In 1989, going against the momentum of the abortion rights movement, Chile passed a law making the procedure illegal in all cases. It remains one of only five countries (including Malta, El Salvador, Nicaragua, and the Dominican Republic) in the world where life is protected from conception.
While most of the world moved to legalize abortion – offering it as a solution for women’s health, the elimination of poverty, and positioning it as an important advancement for women’s equality – Chile went against the grain.
Today, according to the United Nations Development Index, Chile is the most developed country in all of Latin America. In recent years it has become known as the most stable and dependable country in terms of politics and the economy in the region.
While there exists very serious income inequality and genuine concerns about an educational system that has been criticized for having made a profit off of students, Chile – surrounded in Latin America by countries in real political and economic crisis (Venezuela, Argentina and Bolivia to name a few) – continues to yield considerable political and economic clout.
After a five-year absence required by Chile’s constitution, Chileans reelected Socialist Michele Bachelet, who spent those five years out of office at the United Nations’ newly created “Entity for Gender Equality and the Empowerment of Women,” where she worked to advance the abortion platform around the world.
In her first 100 days in office this term, President Bachelet promoted a “mature dialogue” about the legalization of abortion.
Chile’s abortion advocates then moved in with a campaign of misinformation shrouded in typical arguments for its legalization: it will reduce maternal deaths, poverty and give women more control over their bodies.

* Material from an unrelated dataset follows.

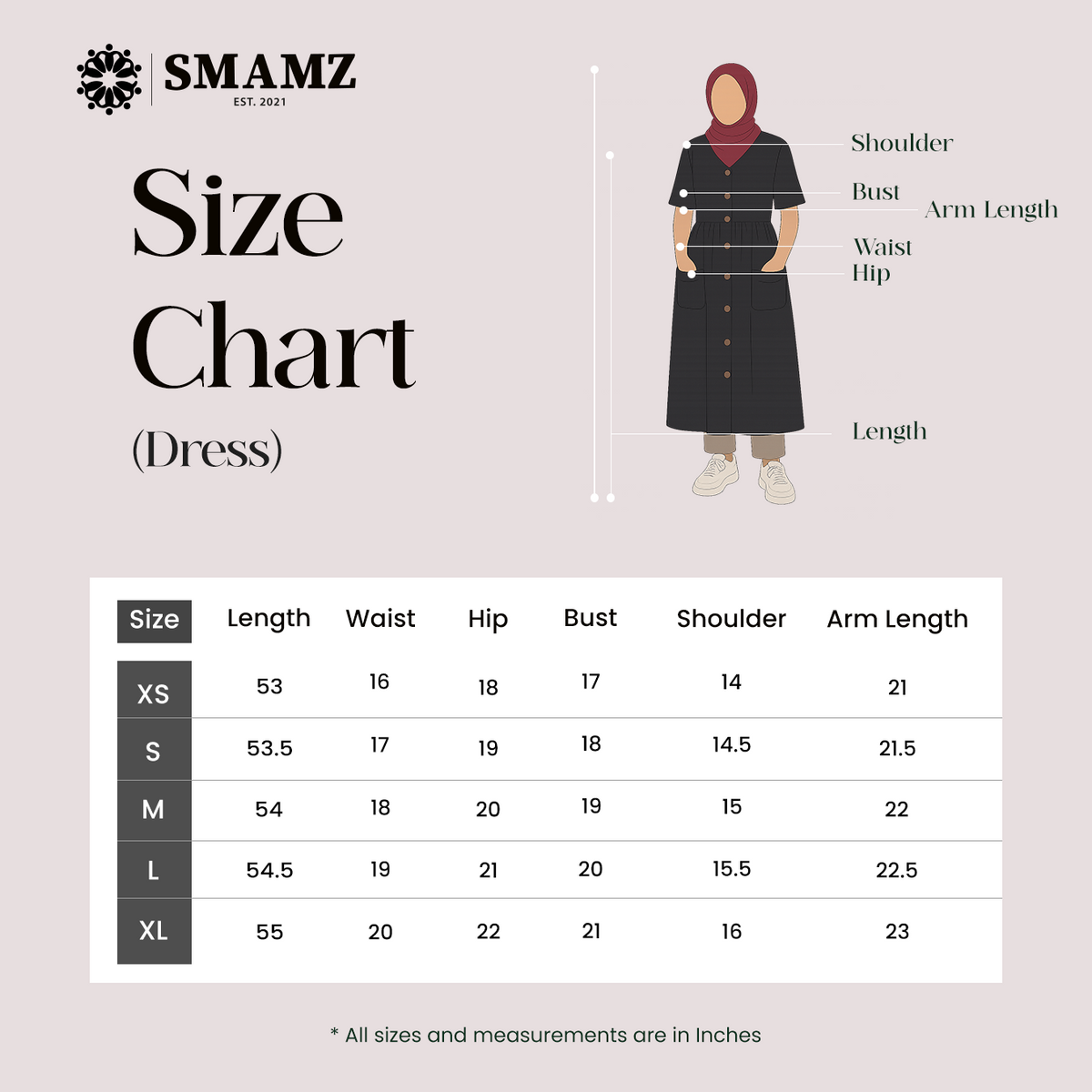 Premium Maestro Long Dress — size chart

Left-leaning politicians and newspapers began to publish abortion numbers from the notoriously abortion-supporting Alan Guttmacher Institute which, in an effort to approve abortion in Mexico, overestimated the number of abortions in Mexico City by around ten-fold.
What is different about this fight for life is that abortion was once legal in Chile, there are statistics pre and post abortion and the facts are overwhelmingly in favor of abortion’s failure to solve women’s health issues.
Chile’s own Dr. Elard Koch, director of the MELISA Institute for Maternal Health, has completed very important studies showing a country that is much better off without abortion.
In a presentation given to the United Nations in 2013, Dr. Koch presented statistics showing that one of the main consequences of legalizing abortion is more abortions, not fewer maternal deaths. The legalization of abortion, Koch argued, also changes behaviors. After the legalization of abortion in Spain, the proportion of repeat abortions by women reached 35 percent of all abortions in 2010.
During the presentation to the United Nations, Koch presented data which also disputed the popular belief that abortion gives women greater control over their bodies. In his report, he showed that coercion and pressure from partners or parents to have an abortion – 44 percent of all cases – was the greatest reason why women opted to have an abortion.
In terms of women’s health, Koch has shown in other studies that maternal mortality in Chile has dropped by almost 95 percent in the last 50 years, the second best rate in all of the Americas and even better than the United States.
As this data has come to light, abortion advocates have abandoned President Bachelet’s call for a “mature dialogue” on the issue and have used aggressive tactics to mock and silence the Chilean Catholic Church and pro-life leaders.
The global pro-life movement cannot overlook this country at the corner of the world. Here we have real life evidence that a country without abortion is not only better for unborn children, but also for women.